Add Secrets CRUD

[Code42Cate]

WIP

This is still WIP and requires https://github.com/e2b-dev/belt/pull/200 to be merged and deployed.

Adds vault client + basic CRUD routes for secrets. Not integrated into hot path of sandbox create yet.

Still working on some observability stuff

---

Note

Adds Secrets CRUD API backed by HashiCorp Vault, including DB table/queries, feature flag/config, IaC wiring, and CI setup with a dev Vault.

• API/Backend:
  • Secrets CRUD: New endpoints GET/POST /secrets, PATCH/DELETE /secrets/{secretID} with validation (hostname allowlist, sizes) and feature flag secrets-vault.
  • Vault integration: New shared vault client (AppRole auth, token renewal, KV v2 ops) and API config/env support: VAULT_ADDR, VAULT_APPROLE_ROLE_ID, VAULT_APPROLE_SECRET_ID, VAULT_TLS_CA.
  • Spec/Codegen: OpenAPI updated; generated server/client/types include Secret, NewSecret, UpdateSecret, routes registration; logging/metrics middleware includes /secrets.
  • Tests: Unit tests for hostname validation; extensive integration tests for listing/creating/updating/deleting secrets and team access control; minor test utils ctx fixes.
• Data layer:
  • Migration: New public.secrets table (RLS enabled) with indices; sqlc queries for create/get/update/delete.
• Infrastructure/IaC:
  • Nomad/Jobs: API job exports VAULT_ADDR, AppRole creds (from GCP Secret Manager), and VAULT_TLS_CA.
  • Terraform: New variables/secret names for Vault creds/CA; wire secret versions and pass into API job template.
• CI/Dev tooling:
  • GitHub Actions: Start Vault dev container with AppRole, policy, and env export (.github/actions/start-services/start-vault.sh) integrated into start-services.
  • Env templates: .env.template adds Vault-related vars.
• Dependencies:
  • Add github.com/hashicorp/vault-client-go, go-retryablehttp, go-secure-stdlib/strutil, ryanuber/go-glob and related sums.

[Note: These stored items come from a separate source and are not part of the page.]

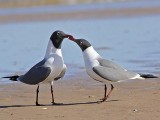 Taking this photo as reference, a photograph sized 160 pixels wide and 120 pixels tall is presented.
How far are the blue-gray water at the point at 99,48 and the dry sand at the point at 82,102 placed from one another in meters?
1.93

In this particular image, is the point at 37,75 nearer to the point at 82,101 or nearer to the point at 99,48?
the point at 82,101

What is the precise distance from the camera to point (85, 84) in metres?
11.5

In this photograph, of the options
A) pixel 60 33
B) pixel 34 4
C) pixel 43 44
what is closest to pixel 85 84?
pixel 60 33

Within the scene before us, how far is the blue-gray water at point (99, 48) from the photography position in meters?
14.2

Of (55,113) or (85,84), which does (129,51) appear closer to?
(85,84)

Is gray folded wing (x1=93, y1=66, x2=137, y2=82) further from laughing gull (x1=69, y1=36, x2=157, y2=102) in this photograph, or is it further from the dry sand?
the dry sand

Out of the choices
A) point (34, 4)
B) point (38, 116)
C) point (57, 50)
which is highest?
point (34, 4)

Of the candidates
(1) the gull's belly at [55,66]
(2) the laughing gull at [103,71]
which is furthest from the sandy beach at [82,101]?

^{Written by Cursor Bugbot for commit 027e290. This will update automatically on new commits. Configure here.}

[Code42Cate]

My integration tests don’t really clean up after themselves, but it seems like the existing ones don’t either. Was that intentional, or just something that never got done? If it wasn’t intentional, I’ll add cleanup to my tests. @ValentaTomas

[sitole]

My integration tests don’t really clean up after themselves, but it seems like the existing ones don’t either. Was that intentional, or just something that never got done? If it wasn’t intentional, I’ll add cleanup to my tests. @ValentaTomas

Integration tests are executed on an environment that is cleaned after that, so there is no need for cleanup except if you are expecting that some messy tests can cause interference with other tests in the same run.